▸ What needs to be done
Print the listing below exactly, minus its pictures.

▸ Source data
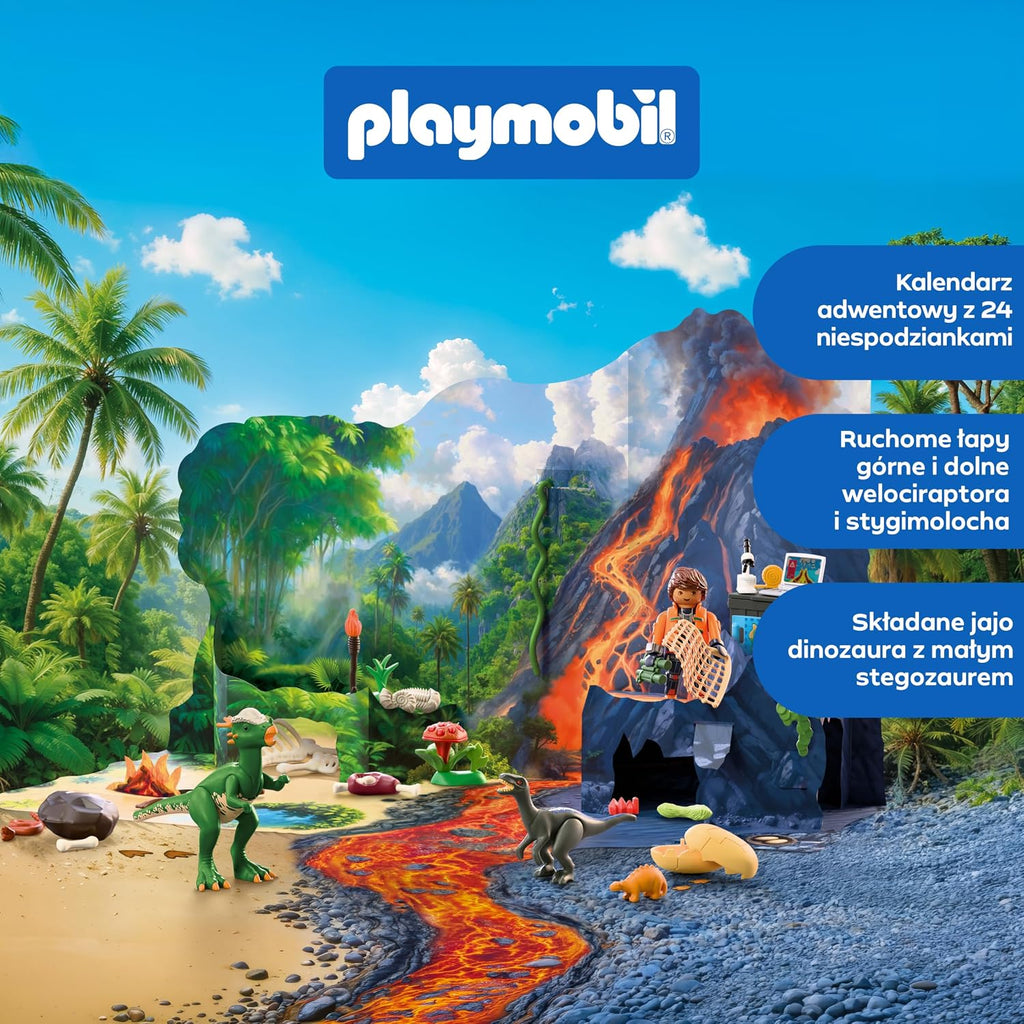 PLAYMOBIL PLAYMOBIL | Dinos | Kalendarz adwentowy: Wyprawa dinozaurów | 24-dniowa przygoda z badacze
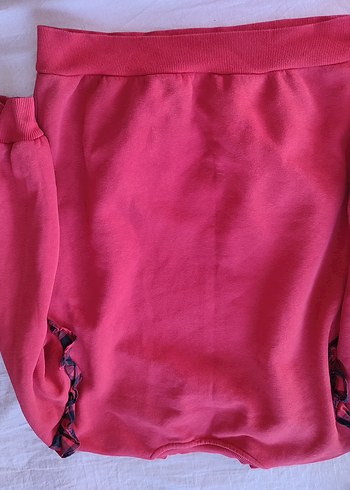 Kırmızı Kadın Sweatshirt, Uzun Kollu, Fırfırlı - Görsel 2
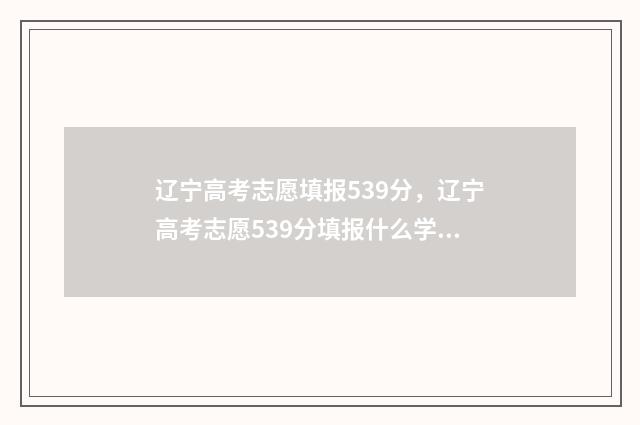 辽宁高考志愿填报539分，辽宁高考志愿539分填报什么学校 辽宁高考志愿填报表范本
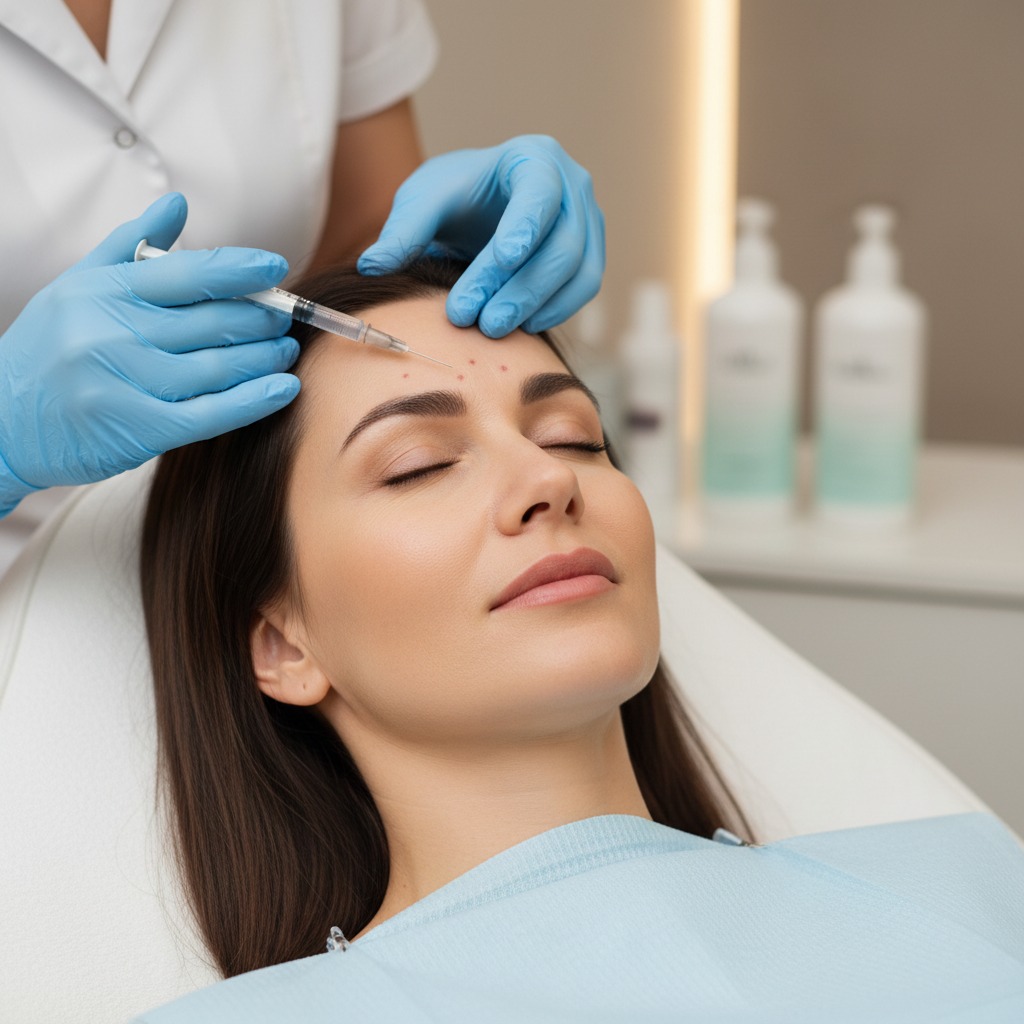 crie uma imagem onde o paciente está realizando um procedimento de botox, para ilustrar a legenda do serviço prestado. Quero que a Imagem siga o padrão de qualidade das fotos que estão no site. A foto precisa ser apenas do paciente, não quero que mostre o profissional realizando o tratamento. No máximo as mãos do profissional realizando a aplicação do botox.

▸ Output of the exercise
 PLAYMOBIL PLAYMOBIL | Dinos | Kalendarz adwentowy: Wyprawa dinozaurów | 24-dniowa przygoda z badacze
 Kırmızı Kadın Sweatshirt, Uzun Kollu, Fırfırlı - Görsel 2
 辽宁高考志愿填报539分，辽宁高考志愿539分填报什么学校 辽宁高考志愿填报表范本
 crie uma imagem onde o paciente está realizando um procedimento de botox, para ilustrar a legenda do serviço prestado. Quero que a Imagem siga o padrão de qualidade das fotos que estão no site. A foto precisa ser apenas do paciente, não quero que mostre o profissional realizando o tratamento. No máximo as mãos do profissional realizando a aplicação do botox.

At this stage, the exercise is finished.